### Material for the task:
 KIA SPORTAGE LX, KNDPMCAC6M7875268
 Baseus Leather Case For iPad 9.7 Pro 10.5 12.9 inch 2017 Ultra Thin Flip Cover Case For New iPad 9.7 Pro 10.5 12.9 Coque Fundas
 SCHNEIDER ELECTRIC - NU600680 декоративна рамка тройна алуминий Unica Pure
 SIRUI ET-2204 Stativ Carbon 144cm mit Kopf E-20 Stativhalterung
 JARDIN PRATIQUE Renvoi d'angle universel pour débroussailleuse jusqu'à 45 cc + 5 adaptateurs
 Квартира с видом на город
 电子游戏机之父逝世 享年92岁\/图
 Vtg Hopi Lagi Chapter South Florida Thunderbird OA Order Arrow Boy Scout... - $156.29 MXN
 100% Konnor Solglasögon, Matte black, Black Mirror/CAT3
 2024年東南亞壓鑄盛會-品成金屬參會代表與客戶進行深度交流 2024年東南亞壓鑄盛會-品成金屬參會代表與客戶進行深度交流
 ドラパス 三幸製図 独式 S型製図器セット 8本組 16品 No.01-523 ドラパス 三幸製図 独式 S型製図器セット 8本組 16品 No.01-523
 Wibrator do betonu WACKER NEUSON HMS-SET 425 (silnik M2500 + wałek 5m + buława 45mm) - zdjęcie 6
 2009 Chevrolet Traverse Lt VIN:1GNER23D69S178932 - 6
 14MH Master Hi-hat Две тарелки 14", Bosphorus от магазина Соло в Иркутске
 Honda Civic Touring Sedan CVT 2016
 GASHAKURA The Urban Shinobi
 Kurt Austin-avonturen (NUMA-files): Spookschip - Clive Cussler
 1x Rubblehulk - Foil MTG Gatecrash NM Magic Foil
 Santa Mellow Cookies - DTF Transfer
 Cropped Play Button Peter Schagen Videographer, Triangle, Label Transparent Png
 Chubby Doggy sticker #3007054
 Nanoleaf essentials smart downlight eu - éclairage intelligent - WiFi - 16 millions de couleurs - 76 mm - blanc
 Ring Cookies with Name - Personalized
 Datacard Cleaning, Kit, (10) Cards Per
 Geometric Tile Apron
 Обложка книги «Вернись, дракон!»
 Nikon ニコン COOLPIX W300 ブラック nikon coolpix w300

### Task brief:
Could you find each line in the entries that contains the string "Cookies" and copy it?

### Task response:
 Santa Mellow Cookies - DTF Transfer
 Ring Cookies with Name - Personalized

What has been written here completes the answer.